Jaber — who is also head of the Abu Dhabi National Oil Company (Adnoc) — said he will invite chief executives from Silicon Valley and Big Oil for a “Change Makers Majlis”, or special gathering, at the start of November to discuss artificial intelligence and the energy transition.
“My message to the tech sector is this: AI needs energy and energy needs AI,” said Jaber, who is also the UAE minister for industry and advanced technology. “Let’s collaborate to drive down the emissions of the conventional energy you will still need, and on ways that AI can drive energy efficiency,” he told the Financial Times.
The Abu Dhabi event — mirroring the majlis held during the COP28 negotiation — will take place immediately before Adipec, an annual conference also held in the capital that is typically attended by most of the chief executives of global oil majors.
The International Energy Agency has estimated that electricity consumed by data centres globally will more than double by 2026 to more than 1,000 terawatt hours, an amount roughly equivalent to what Japan consumes annually. This has also raised concerns about the effect on the environment.
Ahead of last year’s COP28 negotiations, some questioned whether Jaber, as head of Adnoc, was a suitable president for the world’s most important climate negotiations.
António Guterres, the UN secretary-general, said after the COP summit that tougher action was needed on fossil fuels.
But in recent months, ahead of passing over the COP presidency to Azerbaijan’s ecology minister Mukhtar Babayev, Jaber has occupied the limelight for his climate role, making speeches at climate conferences. He is due to speak about energy and AI at the Microsoft CEO Summit next week.
The UAE, Azerbaijan and Brazil, host of COP30, have formed a troika aimed at ensuring progress from one COP to the next.
The agreements made in Dubai included the first global undertaking to move away from fossil fuels and a commitment to triple renewable energy generation by 2030.
However, there has since been little implementation of the pledges.
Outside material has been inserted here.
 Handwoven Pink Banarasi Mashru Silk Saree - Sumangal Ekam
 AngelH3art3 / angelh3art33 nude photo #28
The issue of how to finance the shift to a green economy is still being fiercely debated and is expected to dominate talks at this year’s COP29 in Baku in November.
Jaber said he thought AI would be “the bridge” for how the world could simultaneously “reduce emissions while also driving social and economic value everywhere”.
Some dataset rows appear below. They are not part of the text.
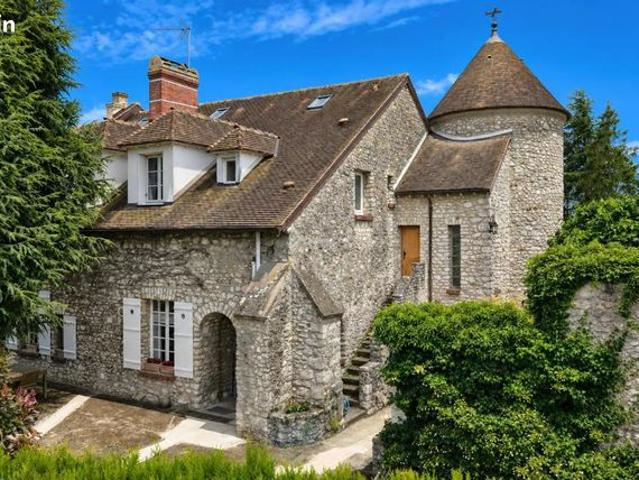 Propriété 8 pièces 235 m²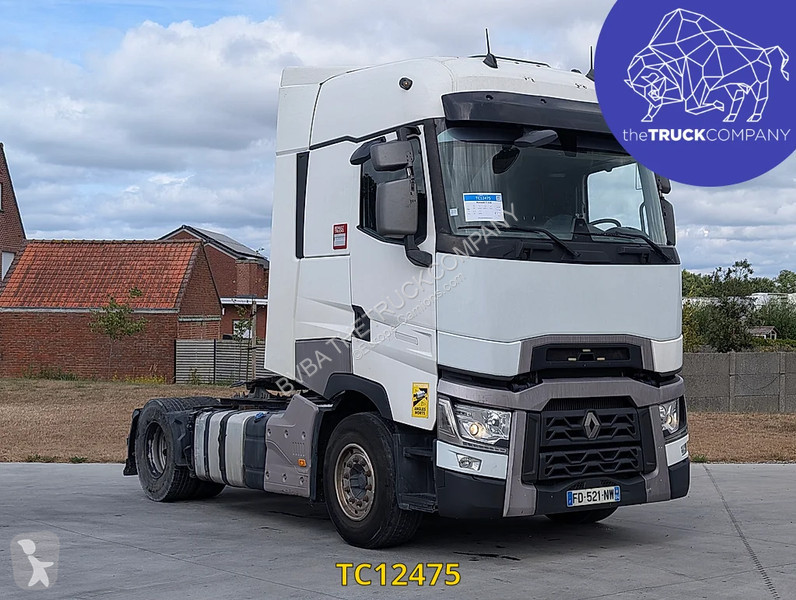 جرار Renault T 520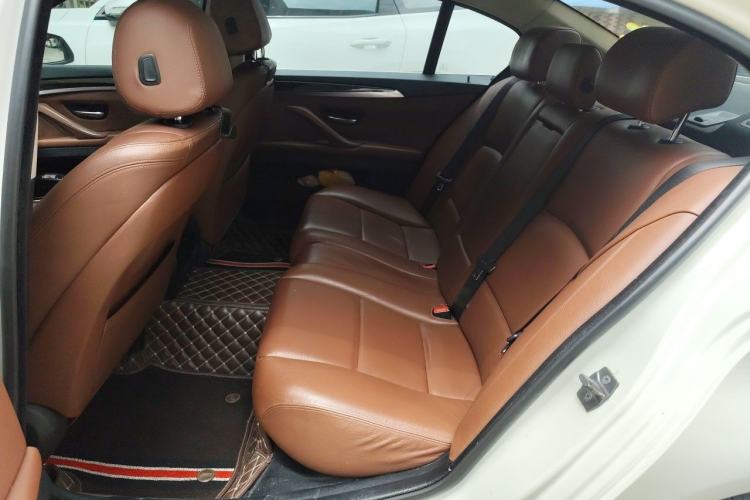 Used BMW 5 Series 2014 525Li Leading Model Left Rear Seat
Abu Dhabi has positioned itself as a regional AI hub as it seeks to diversify beyond oil.
“I know that AI is making grids much smarter by simply predicting peaks and dips and usage, it is also helping optimise the flow of electrons, to where they need to be. There are also exciting new developments happening in material sciences. AI is modelling the ideal molecular structures to absorb CO₂,” Jaber added.